Rappellons-nous que la France repose sur des piliers historiques : un héritage judéo-chrétien, une République laïque et une appartenance européenne. Que tout cela a longtemps constitué une boussole stable, jusqu’à ce que le GPS culturel tombe en panne. Parce qu’en 2025, la seule chose qui unit encore les Français, c’est peut-être la haine du service client de la SNCF.
Notre identité est-elle une question de transmission ? De culture ? D’adhésion à des valeurs ? Oui, sans doute. Mais encore faut-il oser le dire. Parce qu’aujourd’hui, affirmer que la France est un pays laïque, attaché à ses traditions et à son histoire, c’est s’exposer à un débat télévisé où l’on vous expliquera que la baguette est un concept oppressif et que le français est une langue trop genrée pour être réellement démocratique.
Et pourtant, à l’étranger, la France conserve son aura. Demandez à un touriste ce qu’est la France : il vous parlera de Montmartre, de la gastronomie et du romantisme. Demandez-le aux Français eux-mêmes, et ils vous répondront par une dissertation de 30 pages où ils finiront par douter de leur propre existence.
Il fut un temps où la France rayonnait. Aujourd’hui, elle hésite à allumer la lumière de peur d’être accusée d’éclairer trop fort.

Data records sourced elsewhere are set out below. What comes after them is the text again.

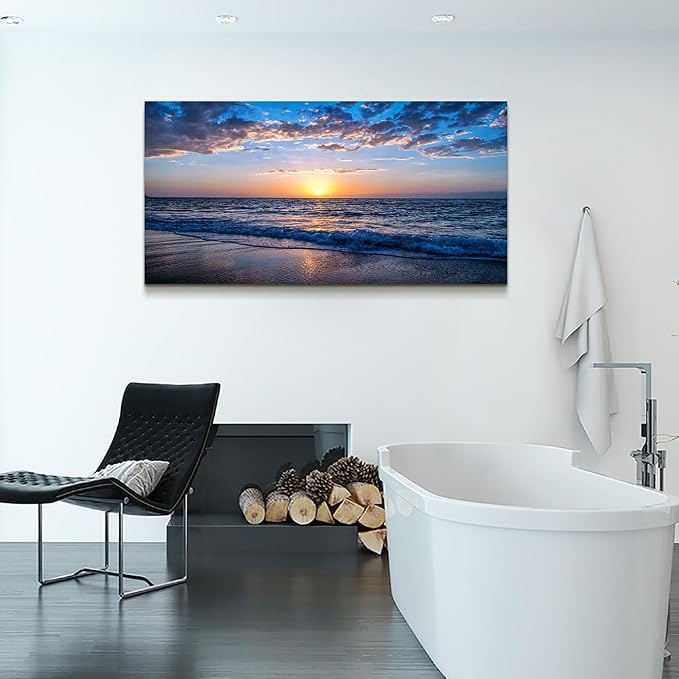 Wapluam Beach Wall Art Blue Sea Coastal Sunset Natural Scenery Picture Print On - Image 5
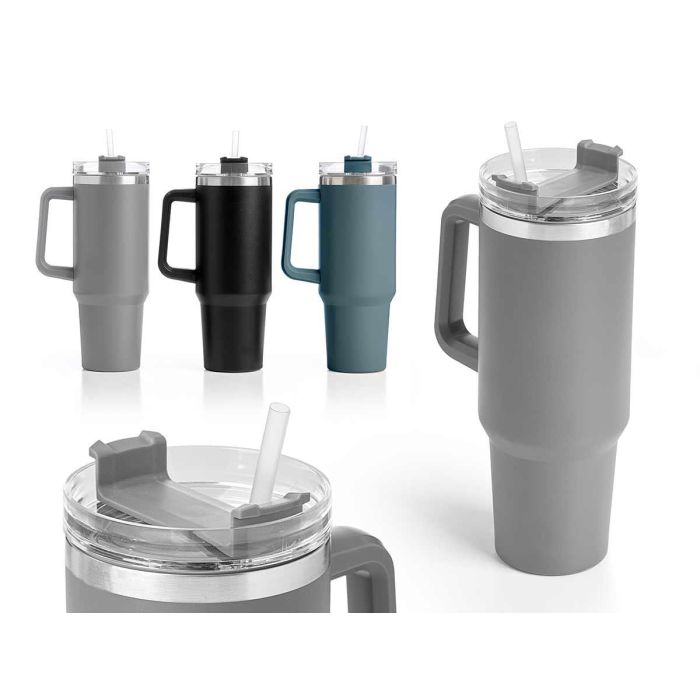 Kinvara Vaso Térmico de 1200 ml con Asa y Pajita, Doble Pared de Acero Inoxidable, Surtido Colores Oscuros (12 Unidades)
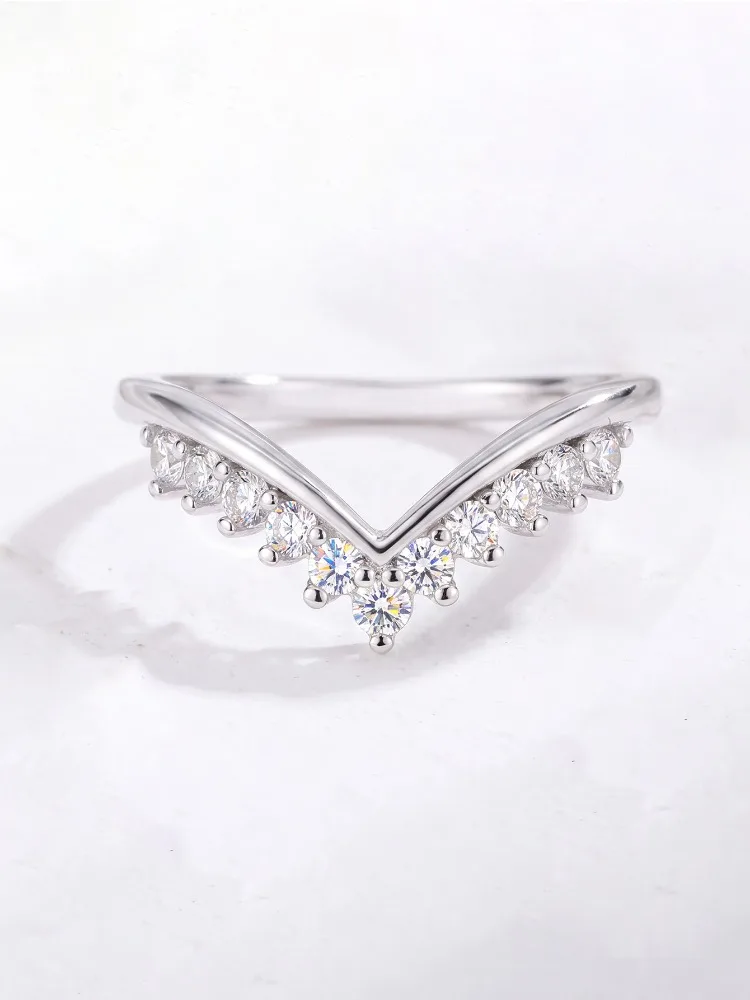 DWJ Echter Moissanit-Diamant, eleganter Kronenring für Damen, 925er Sterlingsilber, Verlobung, Hochzeit, luxuriöser, hochwertiger edler Schmuck – Detail 5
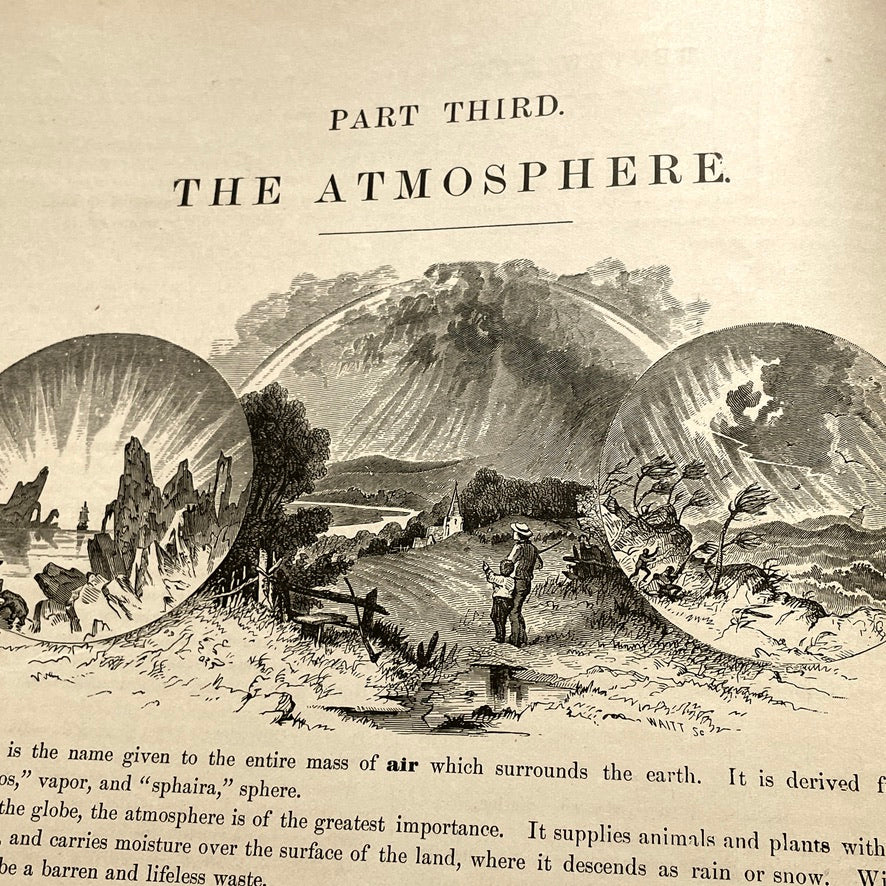 Warren's Physical Geography By D. M. Warren 1873 Cowperthwait & Co. - Antique Hardcover Illustrated Book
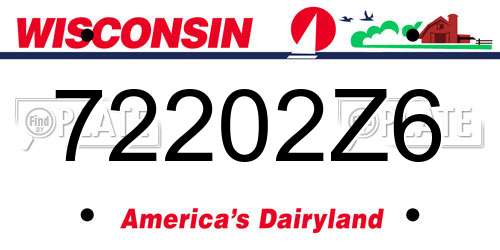 72202Z6 Wisconsin License Plate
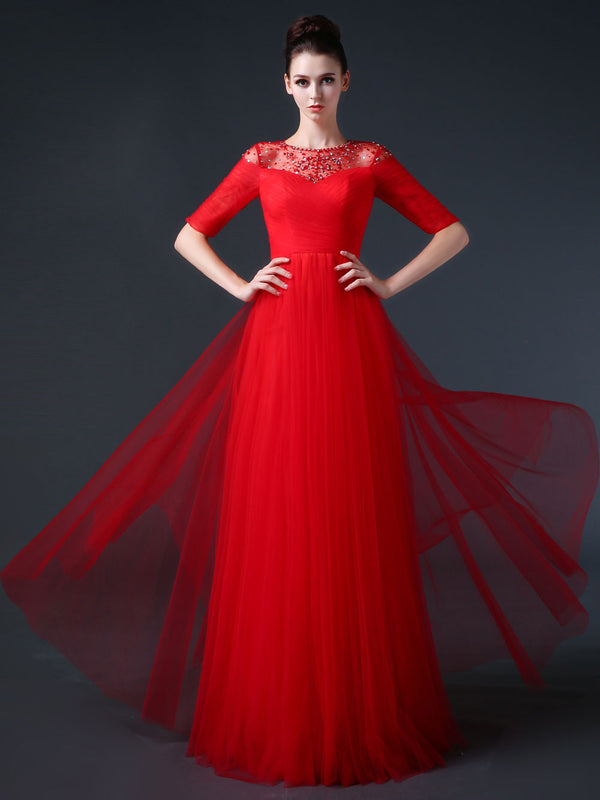 Red Modest Formal Prom Pageant Evening Dress with Sleeves CC3002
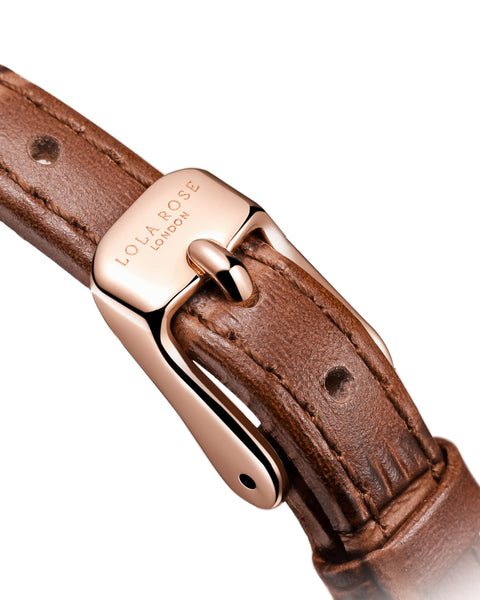 Lola Rose Women's Dainty Watch, Genuine Brown Leather Strap Wrist Watch. Mother of Pearl Dial Ladies Watch. Women Watch Gift. Lola Rose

Alors, faut-il débattre de l’identité française ? Peut-être. Mais à force d’en parler comme d’un concept flou, on finit par oublier qu’elle existe réellement. L’identité, ce n’est pas un questionnaire à choix multiples où chacun peut cocher ce qui l’arrange. C’est une continuité historique, une culture qui évolue sans se dissoudre. Mais aujourd’hui, cette simple évidence semble aussi révolutionnaire que de proposer une loi interdisant le vol de trottinettes électriques.
En 2025, la France ne sait plus très bien si elle est un pays ou un projet en open source où chacun apporte sa ligne de code. Et c’est peut-être ça, le vrai problème. Parce qu’une nation qui passe son temps à débattre de son identité, c’est un peu comme un adulte qui continue à demander à ses parents s’ils l’aiment : à un moment, il faut grandir.